You know what would bring economic benefits to the Sunshine State? Solar power, which already employs more people than coal, oil, and natural gas combined, which produced 1 in 20 new jobs last year, and last year solar power produced more new electricity than any other source.

Ms. Grover is paid to picture that fossil-fuel cash-out in the best possible light. Yet once you know the actual facts, it looks more like the Picture of Dorian Gray.

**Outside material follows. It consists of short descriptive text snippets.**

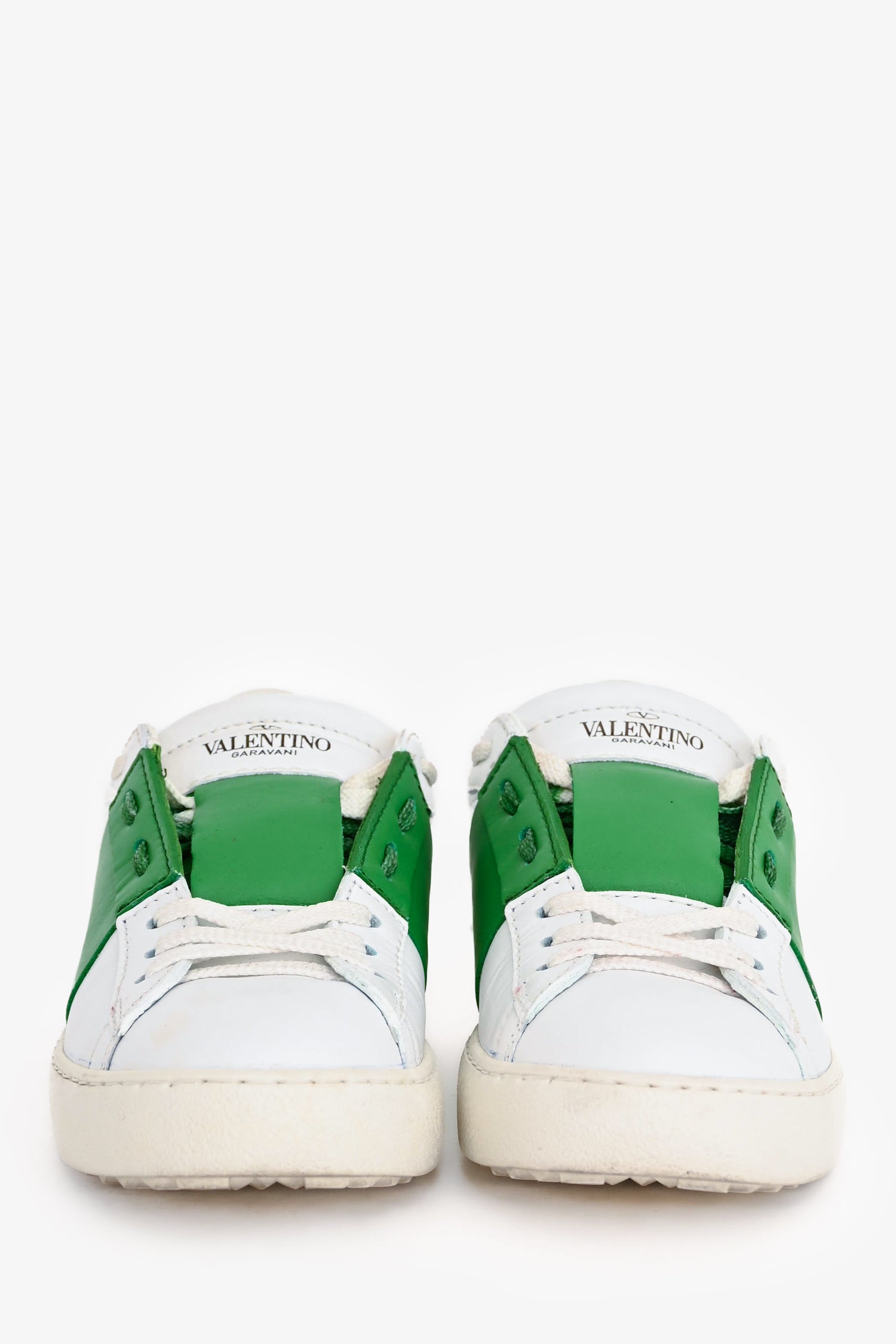 Valentino White/Green Leather Rockstud Sneakers Size 35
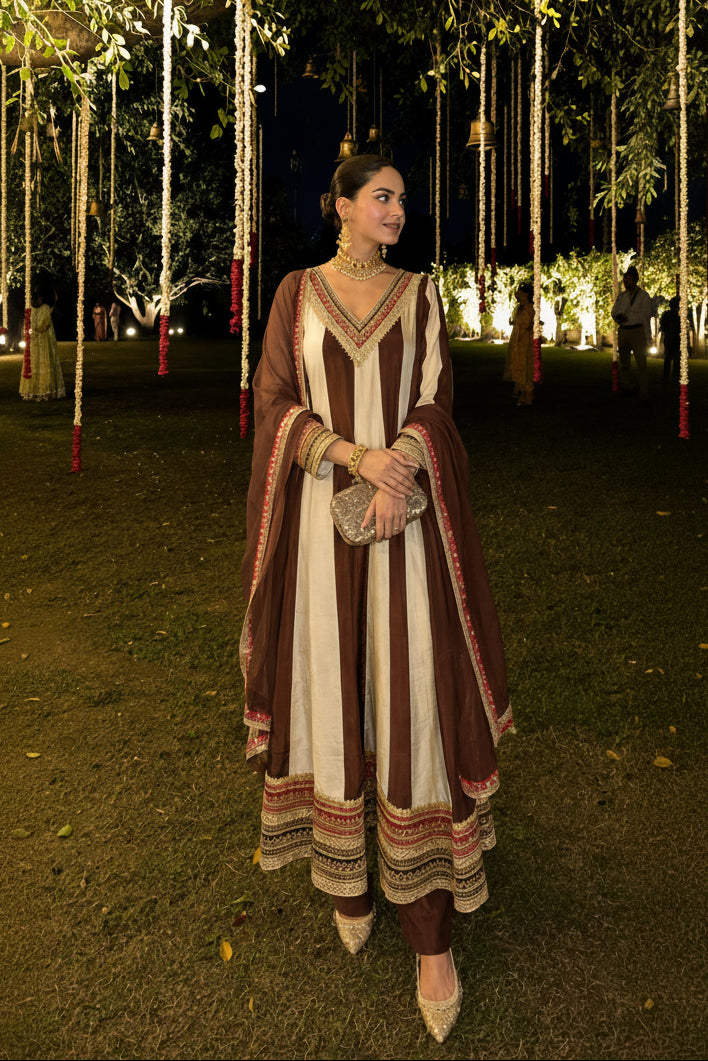 Chocolate Ivory Emebllished Pure Crepe Silk Anarkali Set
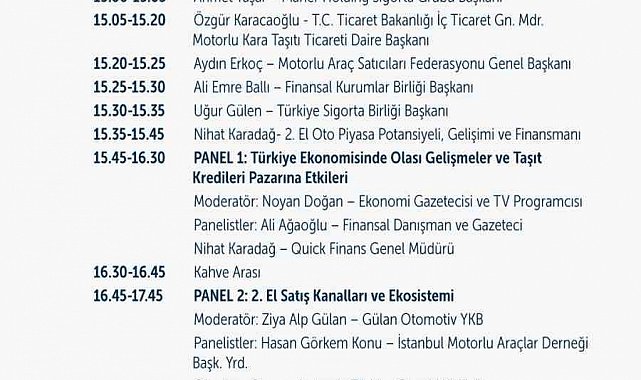 Türkiye'nin ilk 2'inci el oto zirvesi Quick Finans ev sahipliğinde gerçekleştirilecek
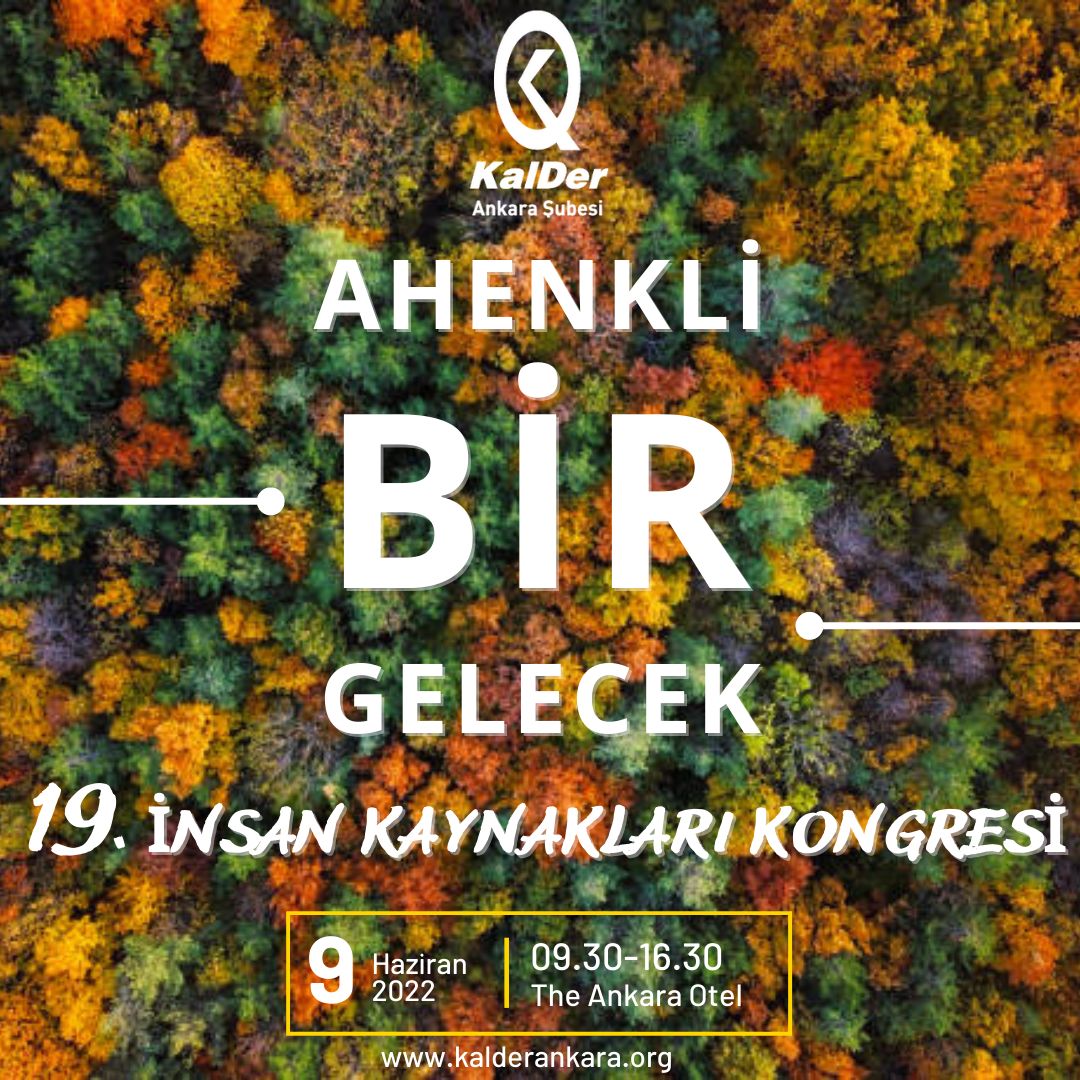 Uzun bir aradan sonra ilk kez sizlerle yüz yüze bir araya gelecek olmanın mutluluğunu yaşıyoruz.
19. İnsan Kaynakları Kongresi'ni, 9 Haziran 2022 tarihinde, The Ankara Otel'de, çok kıymetli konuşmacılarla birlikte gerçekleştireceğiz. 
Detaylı bilgi için: lnkd.in/dnXYHj_B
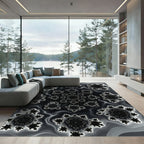 Monochromatic Abstract Fractal Radial Art Rug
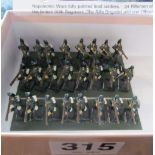 Some Napoleonic War lead soldiers; twenty-four British 95th Regiment and officer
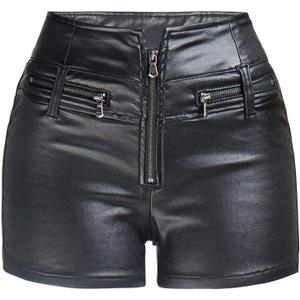 NASUN Womens Casual Faux Leather Shorts High Waist Stretch Disco PU Coated Shorts (Small, Black)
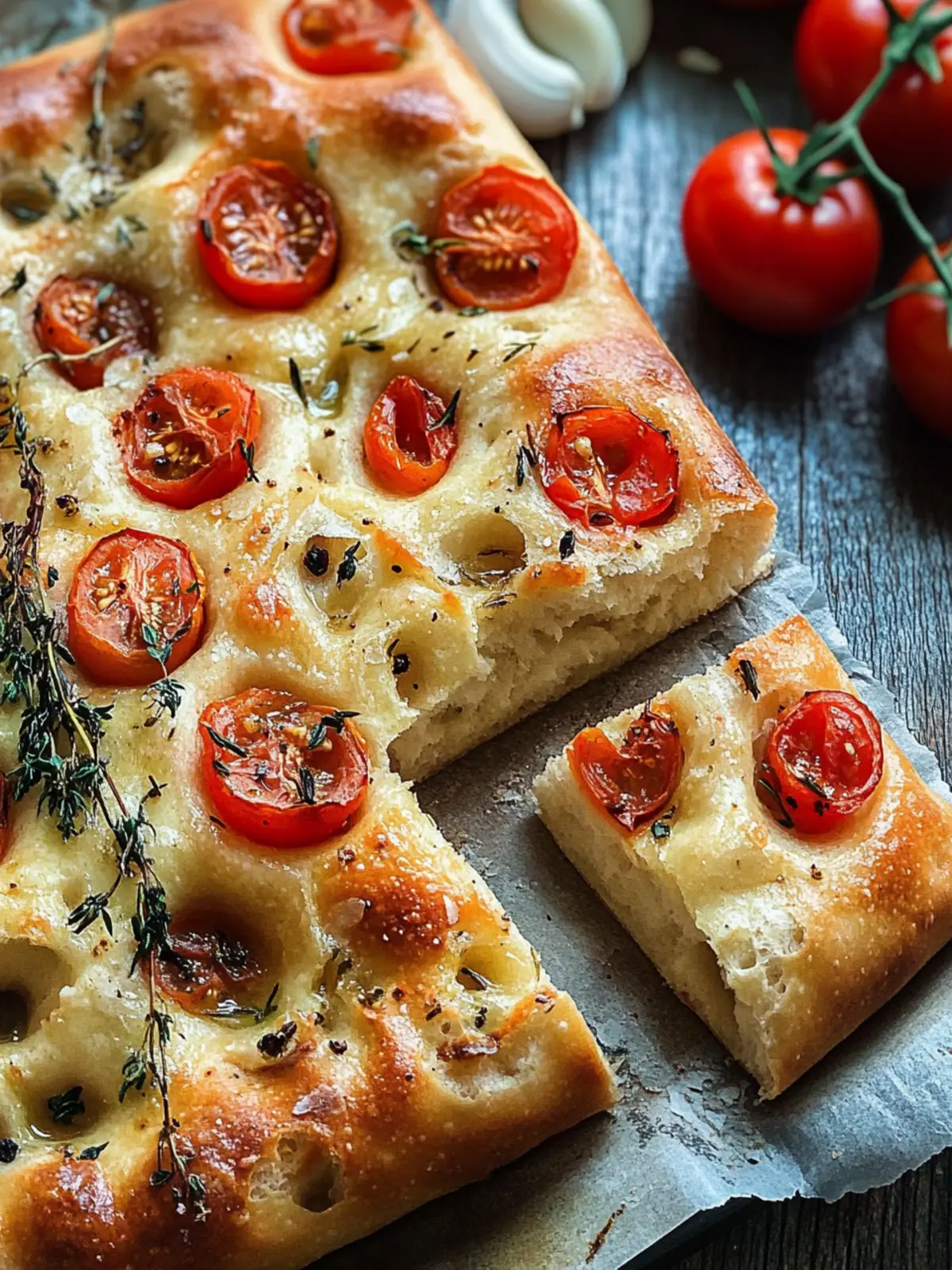 Focaccia mit Tomaten, Knoblauch & Thymian für jede Gelegenheit 4 Focaccia with tomatoes, garlic & thyme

“How sad it is! I shall grow old, and horrible, and dreadful. But this picture will remain always young. It will never be older than this particular day of June…. If it were only the other way! If it were I who was to be always young, and the picture that was to grow old! For that—for that—I would give everything! Yes, there is nothing in the whole world I would not give! I would give my soul for that!” —Dorian Gray, in The Picture of Dorian Gray, by Oscar Wilde

Joseph A. Mann Jr., FloridaBulldog.org, 23 March 2017, With help from investor-Gov. Scott, Sabal Trail natural gas pipeline looks to open in June,

Construction on Florida’s third major gas pipeline, which will run about 516 miles through Alabama, Georgia and Florida when completed, began in September 2016. The line also has two gas compression plants, one at each end, and plans to build three more by 2021.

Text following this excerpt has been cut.